Fútbol es fútbol. Esa es la gran mentira. Si alguien piensa
que aquello va de dos equipos practicando deporte para llevar la pelota hasta
la portería del contrario, que se baje de la nube, porque esto va de
mercantilismo, dinero y negocio. Es, sobre todo, eso.
Son los medios, los canales de televisión, las sociedades
anónimas deportivas, las marcas, las agencias publicitarias, los intermediarios
y representantes, los sponsors, el merchandising lo que hace el fútbol, que aún
necesitan de unos chicos aguerridos que corran tras el cuero.

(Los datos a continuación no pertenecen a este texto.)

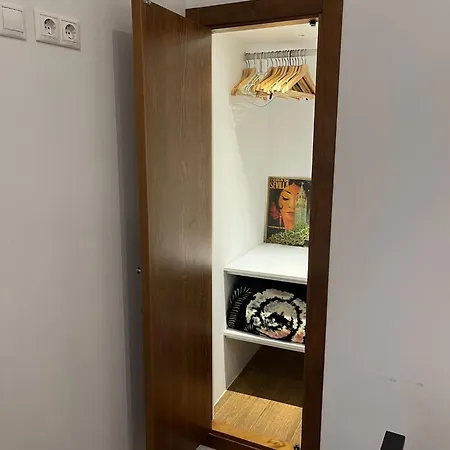 Rym House Grupo Ac Gestion Cádis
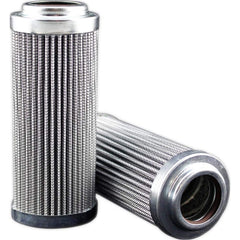 Main Filter - Filter Elements & Assemblies; Filter Type: Replacement/Interchange Hydraulic Filter ; Media Type: Microglass ; OEM Cross Reference Number: FILTER MART 281238 ; Micron Rating: 3 - Exact Industrial Supply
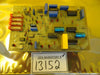 Balzers BG 290 561 U Transformer PCB Card BG 290 564 U Used Working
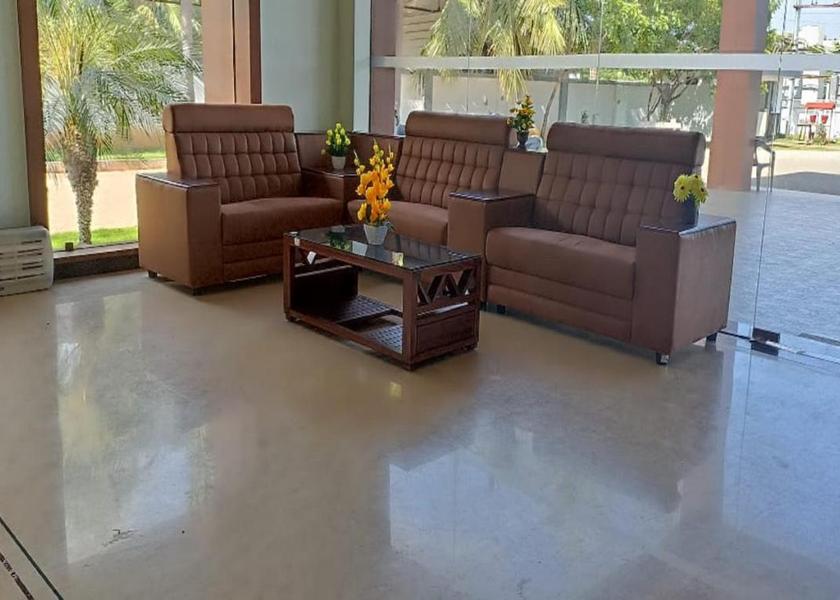 Tamil Nadu Velankanni Public Areas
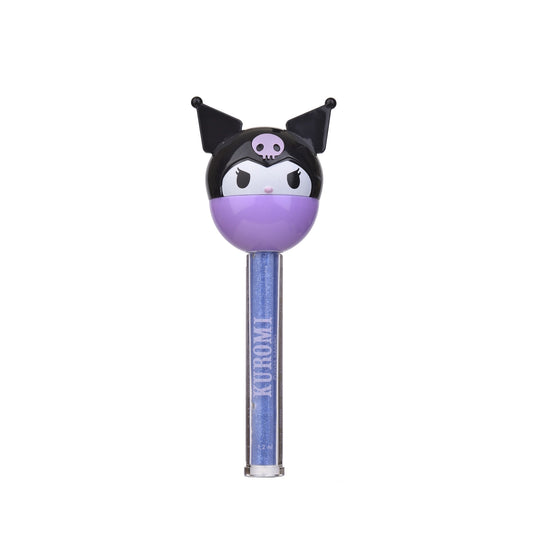 Baume à lèvres et gloss sucette Kuromi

Son todos esos los que fabrican héroes a los que adorar, son
ellos los que diseñan una imagen pública de unas estrellas fugaces,
encandiladas ellas mismas por la fama que les desborda. La luz es atrayente, el
dinero llama el dinero, la fama llama a la fama y son centenares de miles de
padres los que desean, por encima de todo, que un día su hijo esté allá abajo
trillando césped.
Como si fuesen semidioses que transforman la venenosa
serpiente en una palmera cocotera, clavándola en la arena, ponemos a los
futbolistas por encima del bien y el mal, adorándolos por encima de todo.
Defender eso no tiene nada que ver con disfrutar al practicar un deporte, con deleitarse
siguiendo un deporte. En realidad, es la manifestación de una brutal pérdida de
valores, principios y referentes.

Más allá de tener una buena dotación física, más allá de qué
algunos presuman de dar algunas limosnas, ¿Qué tienen que los haga ser
referentes para la sociedad? La culpa, si nos empeñamos en llamarla así, desde
luego no la tienen ellos, ni tan siquiera las numerosas personas y entidades
que se lucran de forma insultante, no, los responsables son los que les siguen
el juego, porque los alimentan a la vez que empobrecen nuestra sociedad.
Al llegar hasta aquí, no pocos repetirán. Fútbol es fútbol.